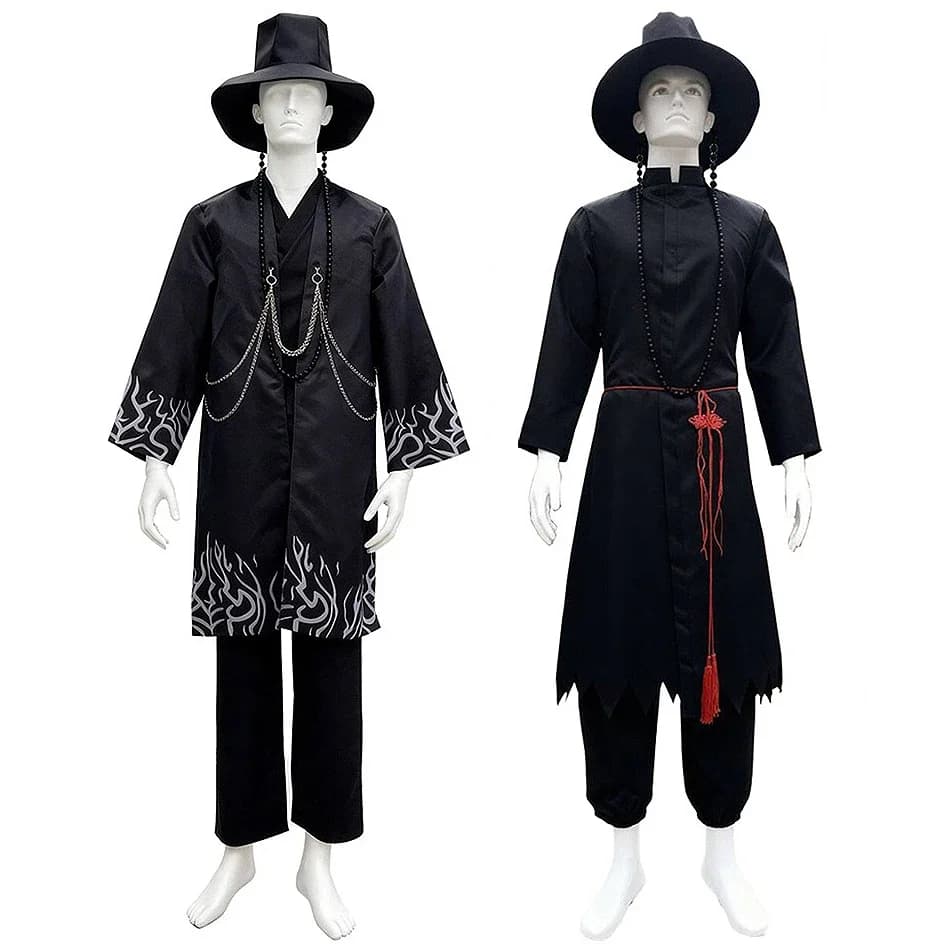 KPop Jinu Demone Saja Cosplay Hunters Adult Dresses Boy Boy Cartoon Role Play Costume for Theatre Shows Kids Carnival Clothing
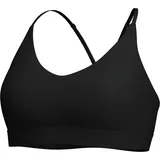 Nike Indy LGT Damen Sport-BH, Black/Black, XL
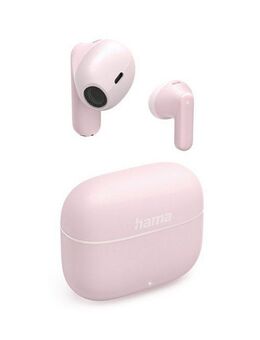Hama Bluetooth Kopfhörer mit Mikrofon (True Wireless Headset, TWS Earbuds) In-Ear-Kopfhörer (Google Assistant, Siri)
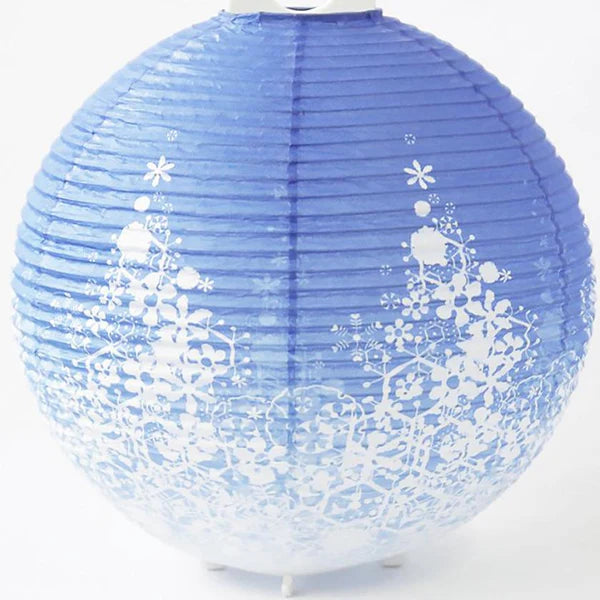 Small Gifu Lantern - Snow - , Japanese Chochin, traditional japanese paper lantern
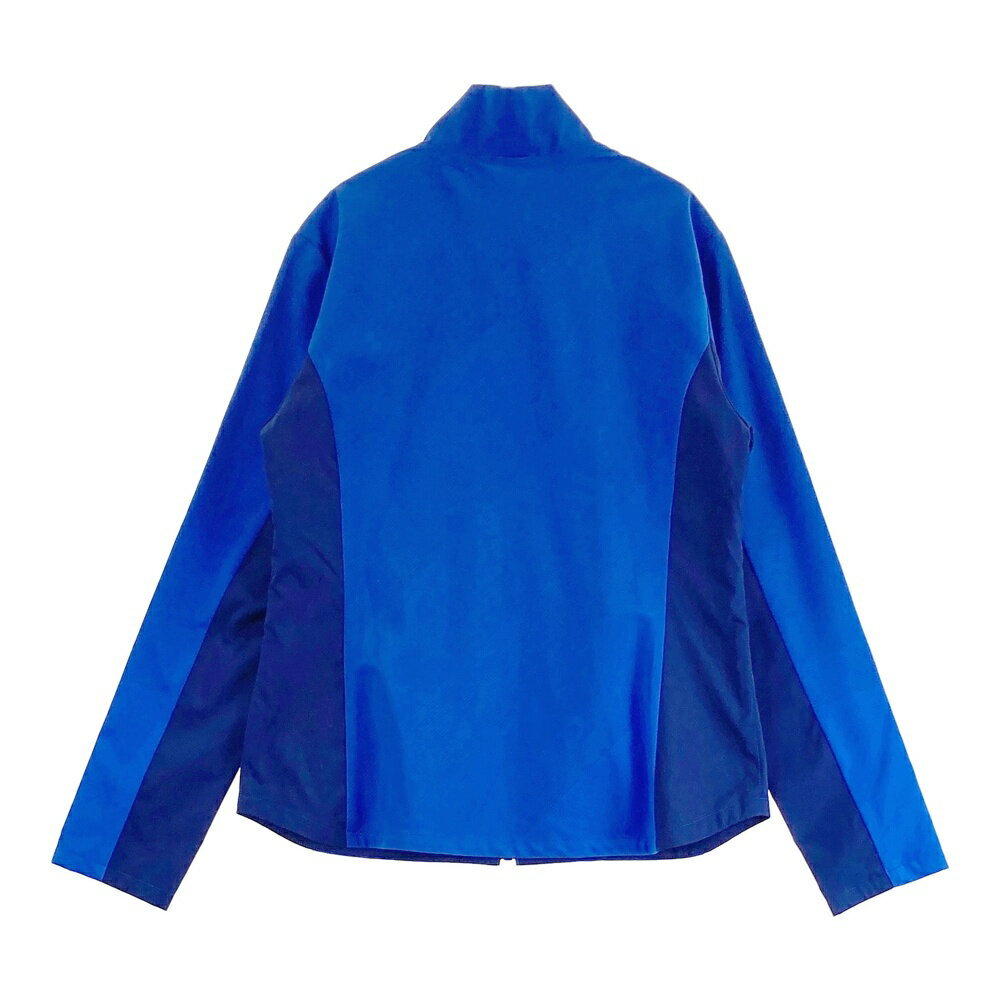 DESCENTE GOLF デサントゴルフ ジップジャケット ブルー系 L 【中古】ゴルフウェア レディース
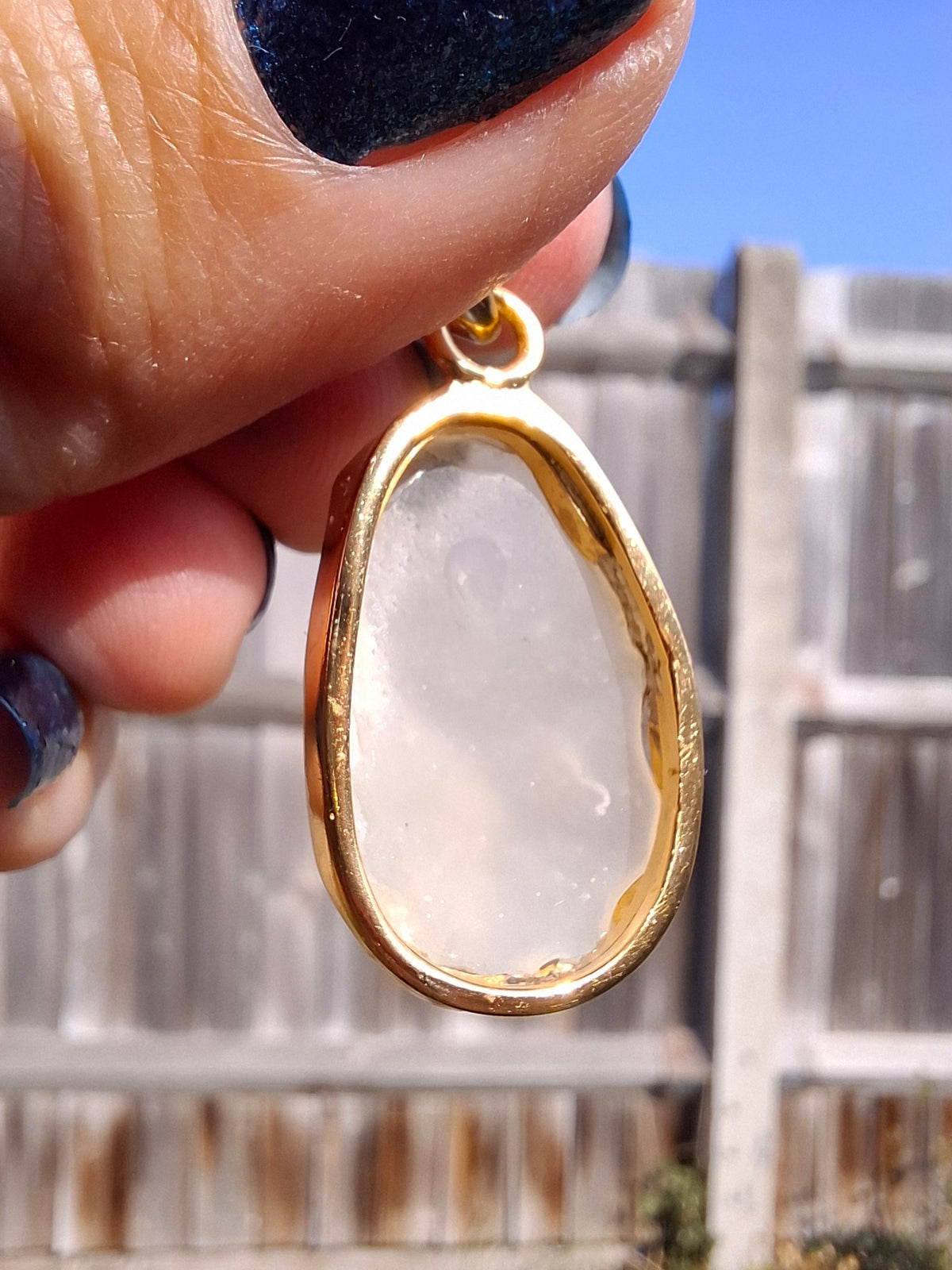 Libyan Desert Glass Pendant, 14K GOLD Plated, Tektite (Ref: LP114)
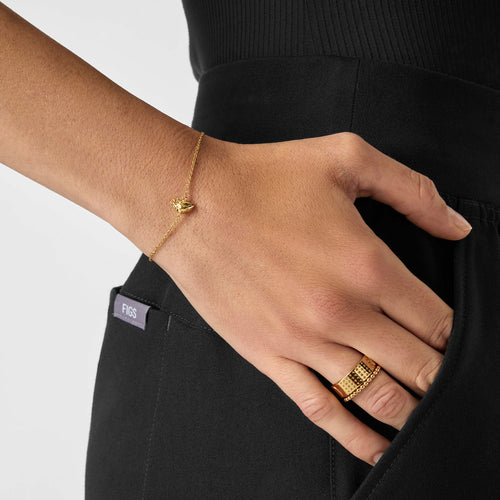 Anatomical Heart Bracelet - Gold
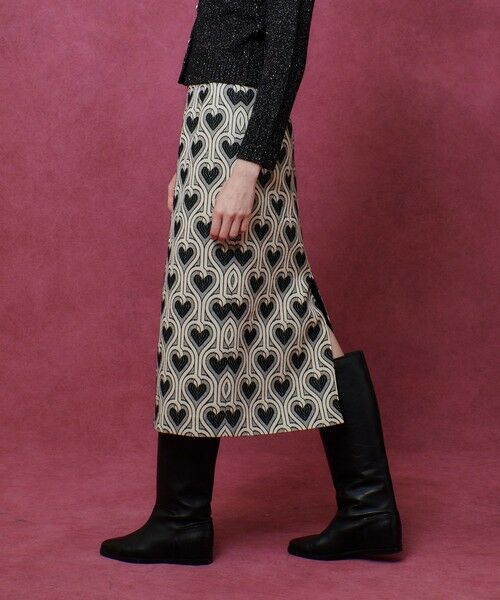 allureville / アルアバイル ミニ・ひざ丈スカート | 【LOULOU WILLOUGHBY】NEONハートJQタイトスカート | 詳細2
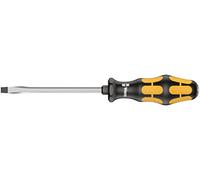 Wera 932 A Kraftform Chiseldriver screwdriver, Slotted 1.2 x 7 x 125 mm, 05018266001, Black
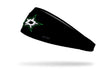 Dallas Stars: Logo Black Big Bang Lite Headband - View 1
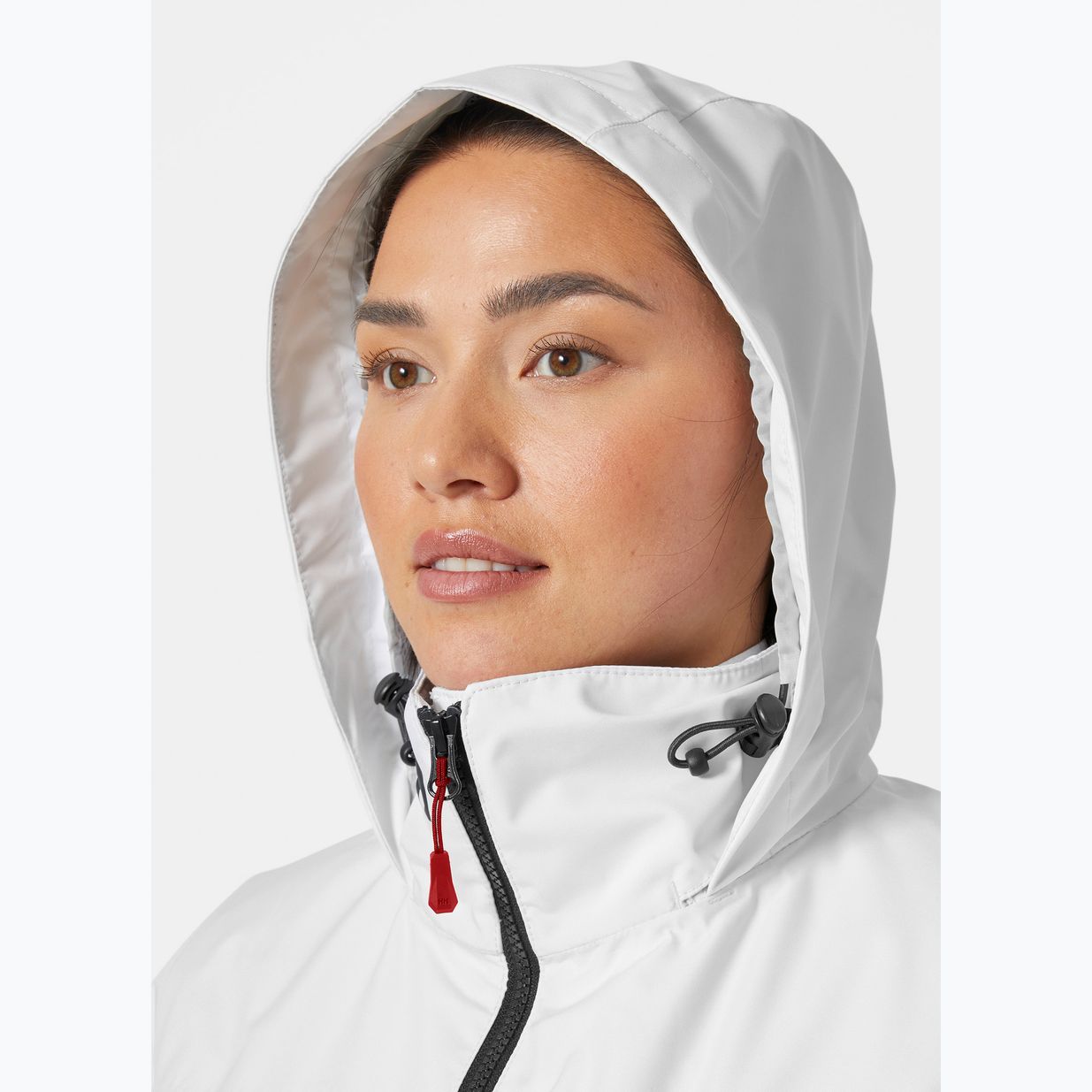 Damen Segeljacke Helly Hansen Crew Hooded Midlayer 2.0 weiß 3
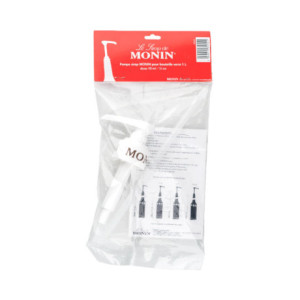 Syrup pump for 1 L Monin glass bottle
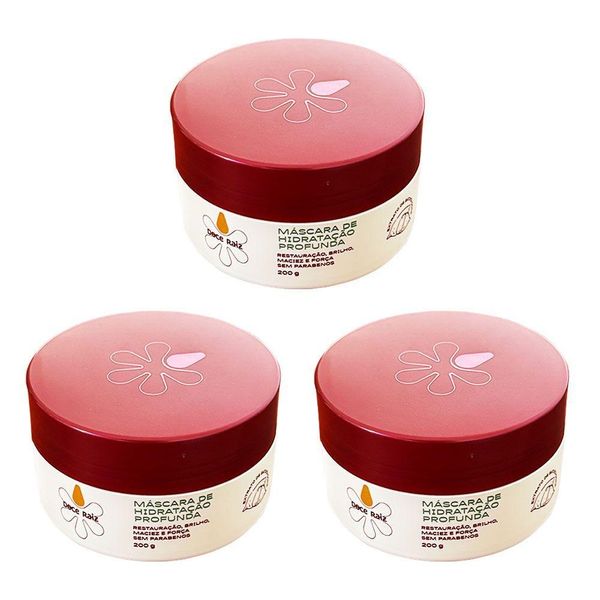 Kit 4 Mascara De Hidratacao Profunda Doce Raiz 200g De Extrato De Batata Doce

**Directions for this task:** Each line from the one containing "Nike Indy LGT" down to the final line of the records above must be reproduced exactly; no pictures go into the copy.

**Written response:**
 Nike Indy LGT Damen Sport-BH, Black/Black, XL
Hama Bluetooth Kopfhörer mit Mikrofon (True Wireless Headset, TWS Earbuds) In-Ear-Kopfhörer (Google Assistant, Siri)
 Small Gifu Lantern - Snow - , Japanese Chochin, traditional japanese paper lantern
 DESCENTE GOLF デサントゴルフ ジップジャケット ブルー系 L 【中古】ゴルフウェア レディース
 Libyan Desert Glass Pendant, 14K GOLD Plated, Tektite (Ref: LP114)
 Anatomical Heart Bracelet - Gold
 allureville / アルアバイル ミニ・ひざ丈スカート | 【LOULOU WILLOUGHBY】NEONハートJQタイトスカート | 詳細2
 Wera 932 A Kraftform Chiseldriver screwdriver, Slotted 1.2 x 7 x 125 mm, 05018266001, Black
 Dallas Stars: Logo Black Big Bang Lite Headband - View 1
 Damen Segeljacke Helly Hansen Crew Hooded Midlayer 2.0 weiß 3
 Syrup pump for 1 L Monin glass bottle
 Kit 4 Mascara De Hidratacao Profunda Doce Raiz 200g De Extrato De Batata Doce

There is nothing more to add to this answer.